→ Exercise aim
Retype the line where "Keep Calm (Labrador)" appears and each line that follows it down to the last line of the records below. Leave the pictures out.

Start of Information

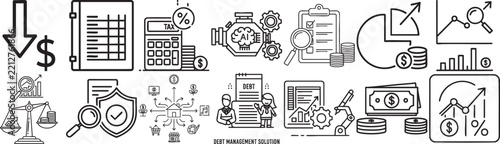 Financial Line Icons Set Depicts Economic Concepts On White Background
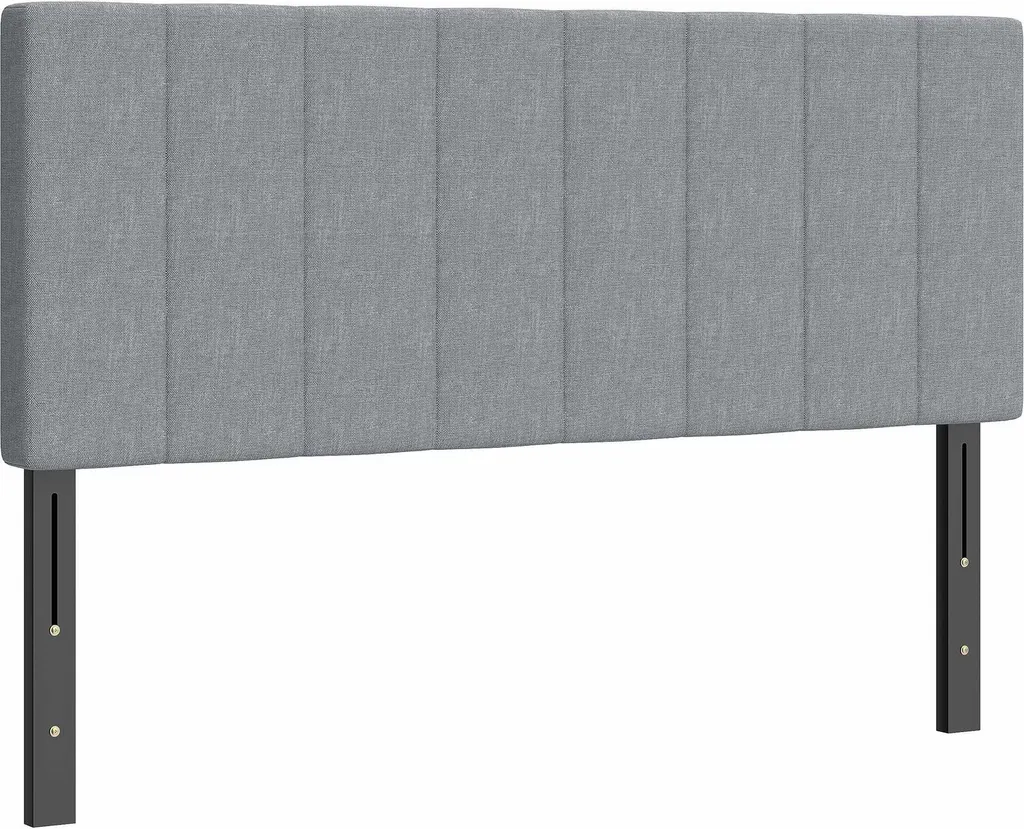 Tête de lit 160 cm réglable en hauteur, lin gris et pieds en acier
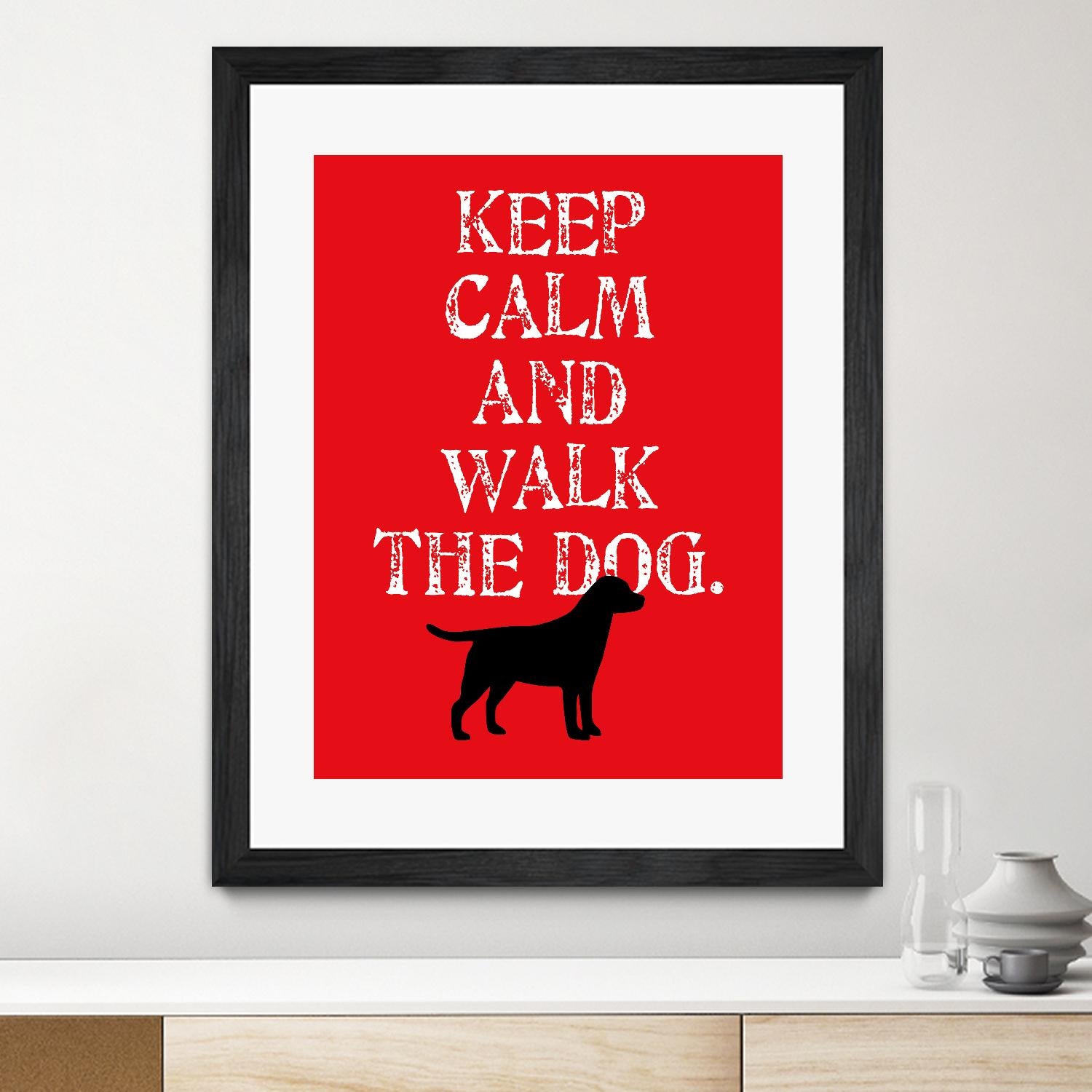 Keep Calm (Labrador) by Ginger Oliphant on GIANT ART - red inspirational, animals, novelty, design/type, dogs, humor, illustration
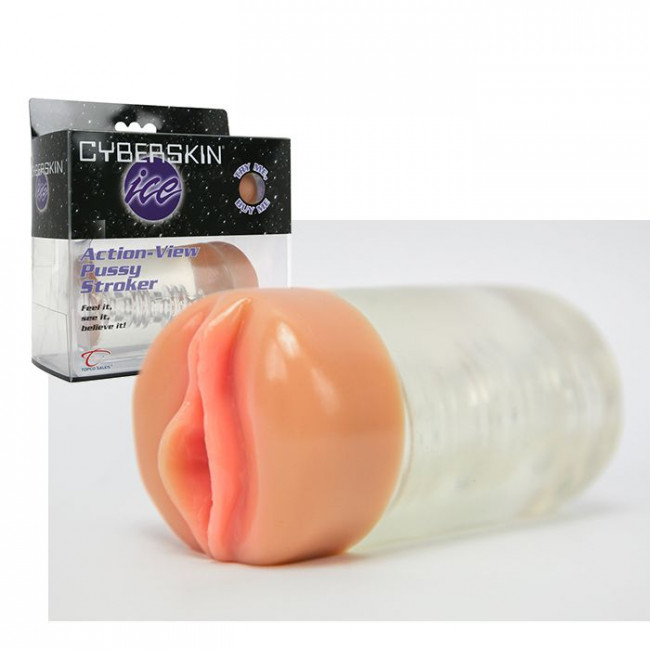 Прозрачная вагина  CyberSkin Ice Action-View Pussy Stroker, Topco Sales
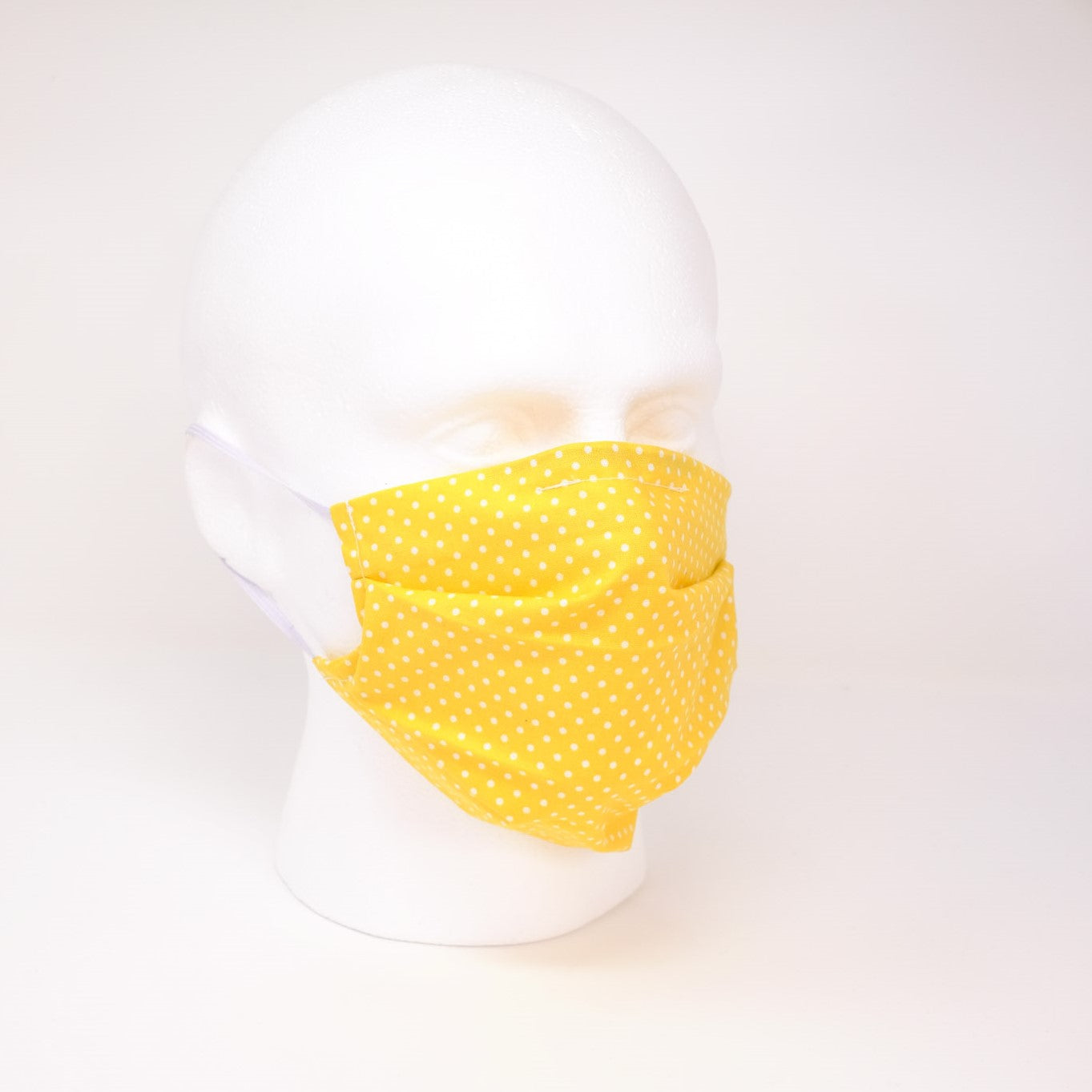 Polka Dot Yellow Pleated Face Mask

End of Information

→ Answer to this exercise
 Keep Calm (Labrador) by Ginger Oliphant on GIANT ART - red inspirational, animals, novelty, design/type, dogs, humor, illustration
 Прозрачная вагина  CyberSkin Ice Action-View Pussy Stroker, Topco Sales
 Polka Dot Yellow Pleated Face Mask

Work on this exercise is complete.